Er, um, uh. Let's accept, for the sake of argument, the idea that some opposition to "black civil rights" was not racially motivated. What was it, then? What form did it take? That that portion of the white working class which did not already work in an integrated environment and which continued to live in a segregated one had a theoretical objection to school desegregation and affirmative action? Because I'll tell ya, doc, from the perspective of someone who's lived and worked with those people for four decades, I think they tell a little different story when they're answering questionnaires than they do after three beers when they think all their listeners are in agreement. They were not convinced by Republican arguments about "reverse discrimination". Those arguments were crafted to give them an out for their racist beliefs. Having said that, I have to admit I'm not really sure what constitutes liberals having crammed civil rights down white people's throats using the courts and the executive branch.
Then there's the V word. This seems nothing more than a projection of liberal anti-war views onto the working class to make a point. Nixon's silent majority supported the war, fer chrissakes. The Eisenhower administration took up the White Man's Burden when the French dropped it; the Johnson administration sent draftees to fight; Nixon also expanded the war militarily. Frankly--and again, this is a personal perspective--though I was too young to be very savvy about the war until '67 or '68, I remember being astonished to learn that our fighting force was primarily poor and black, and it was much later when I learned that some well-connected types cut in the National Guard line so they could stay home. Opposition to the war was about the war; the matter of a selective selective service was more in retrospect. And that whole Domino Theory/stopping the spread of Communism business was a matter of national politics, not crusading liberal do-gooderism. That Right of which we speak equates liberalism with opposition to the war. You may have noticed, they'd kept all the "Go live in Russia, you traitorous bastards," rhetoric on simmer all these years, and it had all boiled over again before the first grunt got on an Iraq-bound transport.

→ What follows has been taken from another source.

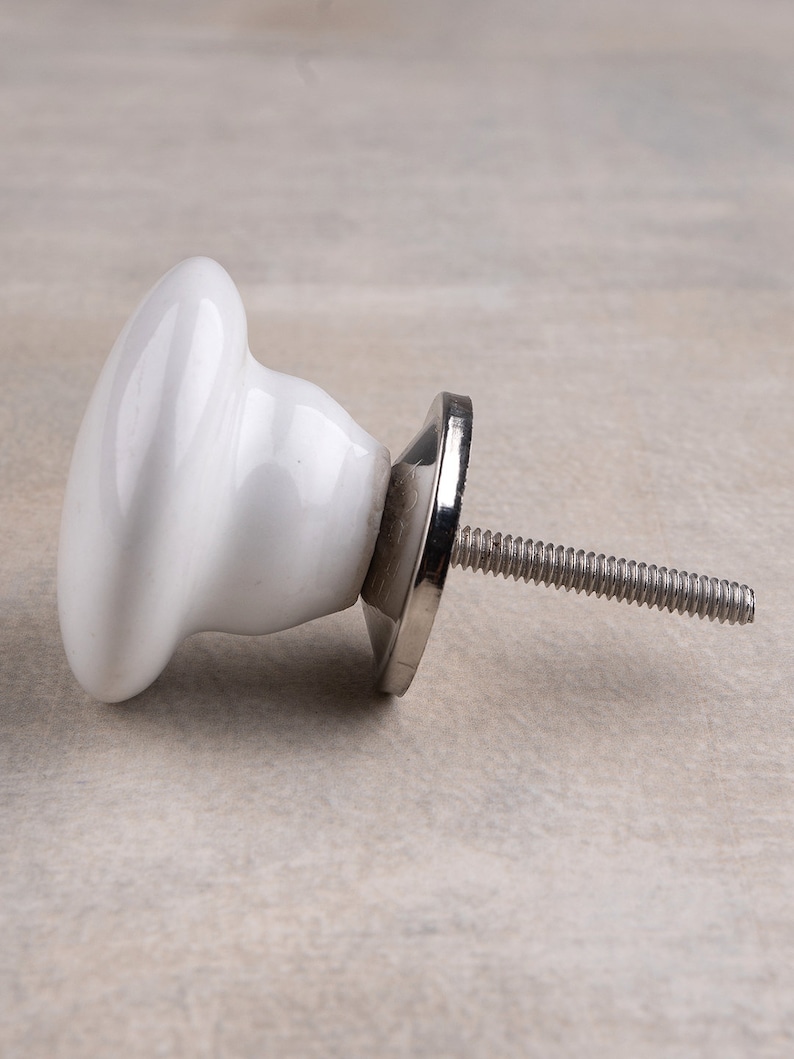 May include: A white ceramic cabinet knob with a smooth, rounded mushroom-shaped head. The knob features a polished silver-coloured metal base and a threaded metal bolt extending from the back for installation on furniture or cabinetry doors.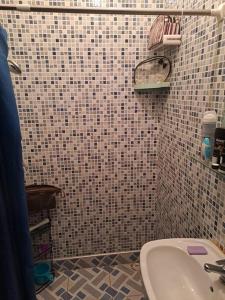 a bathroom with a sink and a tiled wall at Moonskhirat in Skhirat +4 photos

As for economic policies, in the article Professor Massey does acknowledge the effects of the Oil Embargo of 1973, though he claims the result was magnified in the US because of the guns and butter spending habits of liberals, unlike the "severe but manageable" recessions in Europe and Japan. I dunno. Could it be that unlike those others we were guzzlers of energy we believed would remain cheap and plentiful forever?

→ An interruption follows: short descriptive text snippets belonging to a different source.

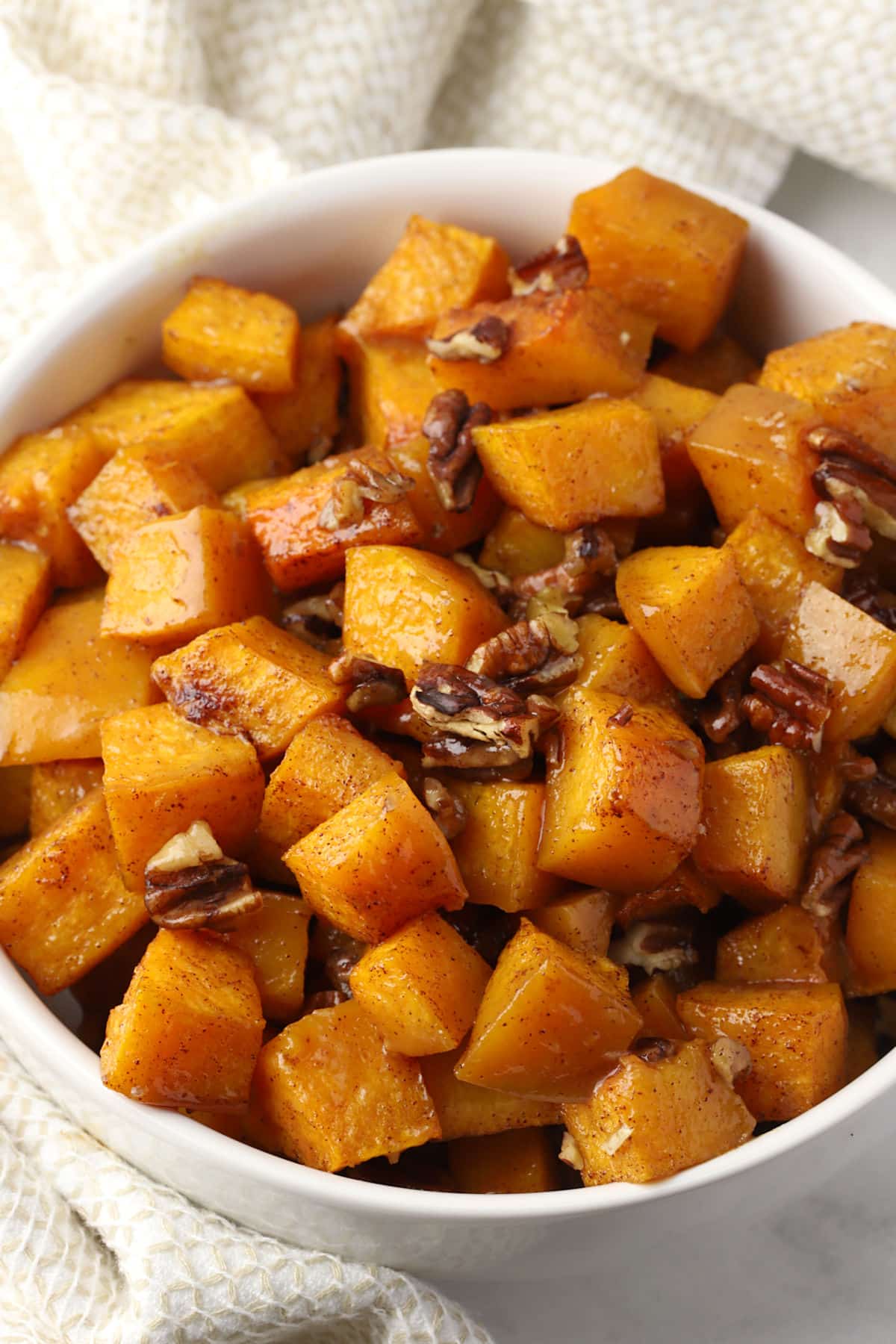 Roasted butternut squash in a bowl.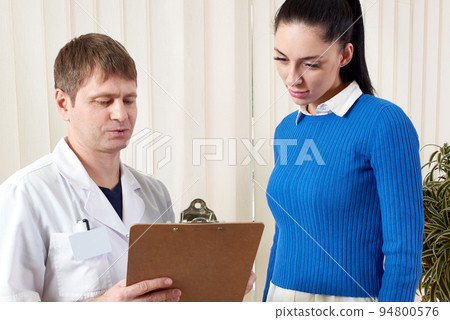 Doctor showing female patient her medical test results in corridor Doctor showing female patient her medical test results in corridor 94800576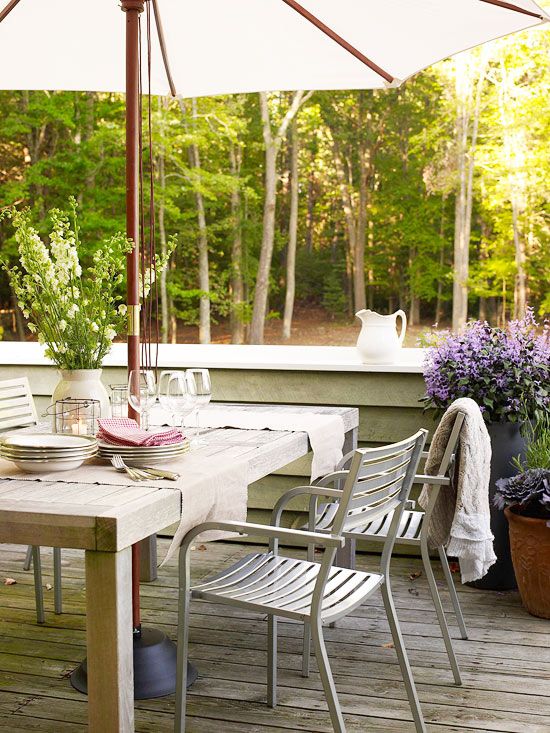a neutral rustic terrace with a stained wooden table, metal chairs, an umbrella and potted blooms around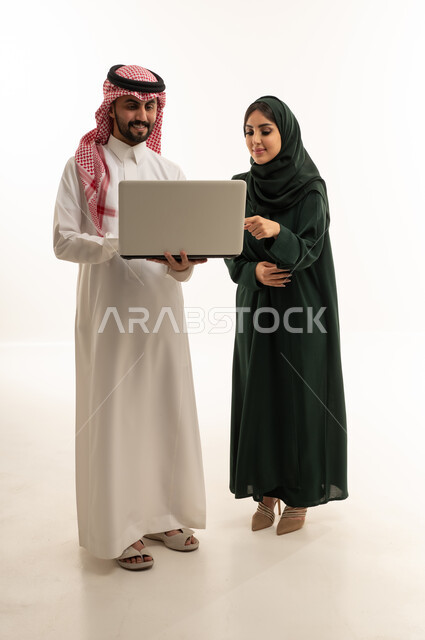 زملاء عمل سعوديون محترفون يستخدمون الحاسوب المحمول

There's a nostalgic quality in all this: Schiavo, the Social Security debacle, the continuing disaster in Iraq and Bush's plummeting poll numbers give it a sort of sepia-toned charm. I'd be the last one to argue that Democrats have betrayed a preternatural competence over the last four decades. And when a liberal writes: "To the delight of conservatives everywhere, liberals often ended up in attacking each other..." in the midst of a piece that ticks every item off the Reagan L-word laundry list it doesn't improve my expectations for the immediate future.